Im Falle der Datenschutzrichtlinie hat „LobbyPlag“ noch lange nicht alle 3.000 Anträge untersucht. Doch schon jetzt steht fest, dass die privaten Unternehmen mit weitaus mehr Vorschlägen bei den Abgeordneten landen konnten als nichtkommerzielle Interessenverbände. Derzeit liegt das Verhältnis etwa bei 2:1. Die von den „LobbyPlag“-Machern befürchtete einseitige Interessensdurchführung könnte also zum Schluss Realität werden.

Ungeachtet einer moralischen Bewertung der Abkupferpraxis ist es durchaus interessant, zu erfahren, welche Veränderungen dieses Unternehmen oder jene NGO in einer Richtlinie gerne verwirklicht sehen würden. Dies verrät ein Blick auf die Website von „LobbyPlag“. Der Eifer der Macher scheint indessen ungebrochen. Inzwischen gibt es Anfragen, das Modell auf nationale Gesetze in verschiedenen Ländern zu übertragen. Um sich vor weiteren Interview-Anfragen zu retten, musste sich Richard Gutjahr nach der ersten Erfolgswelle für kurze Zeit in die israelische Negev-Wüste zurückziehen. Dort konnte er „größtmögliche Einsamkeit bei bester WiFi-Anbindung“ genießen und es entstanden Ideen für den Fortgang des Projekts.

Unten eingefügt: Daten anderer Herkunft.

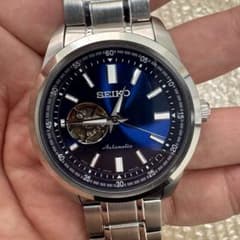 B*n様 7356 SEIKO 4R38-02A0 Automatic オープン - メルカリ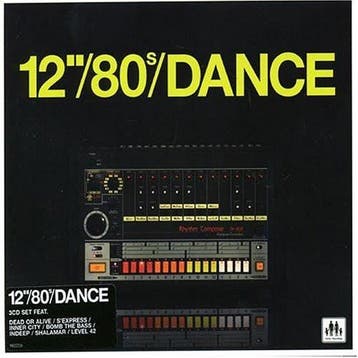 cd - Various - 12Inch /80s/Dance, Verzenden, Zo goed als nieuw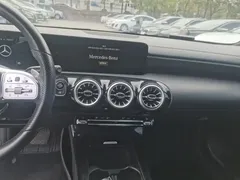 2021 Mercedes-Benz A-Class A 200 L Sport Sedan Fashion, белый — фото 9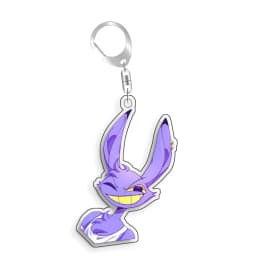 For The Amazing Digital Circus Caine Jax Pomni Ragatha Gangle Acrylic Selfmade Cute Cartoon Anime Keychain Pendant Toy Gifts 5cm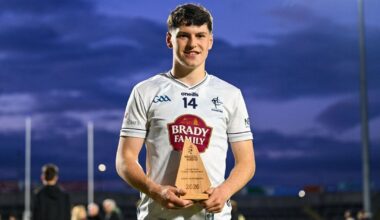 Kildare out-class Kerry to book All-Ireland MFC semi-final place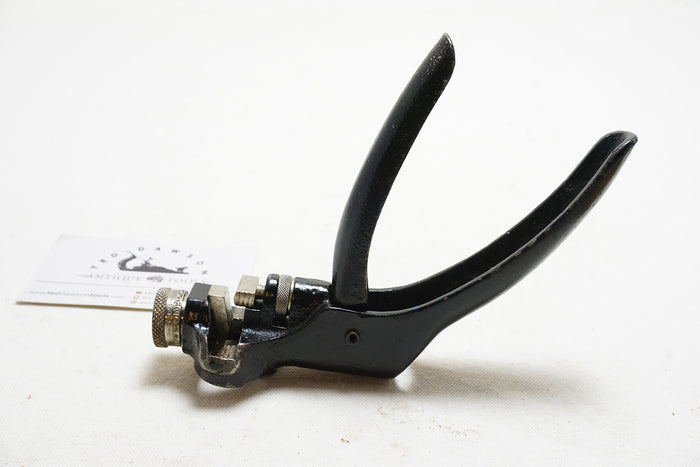 FINE STANLEY NO. 42W PISTOL GRIP SAW SET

In den kommenden Wochen soll ein „Katalog aller Änderungswünsche der diversen Lobbyisten“ erstellt werden. Geplant ist am Ende eine Gesamtvisualisierung der Datenschutz-Direktive, „die alle Kampfzonen im Gesetzestext visualisiert“, und aufzeigt, welcher Teil der neuen Datenschutz-Regeln unter welchen Einflüssen zustande kommt.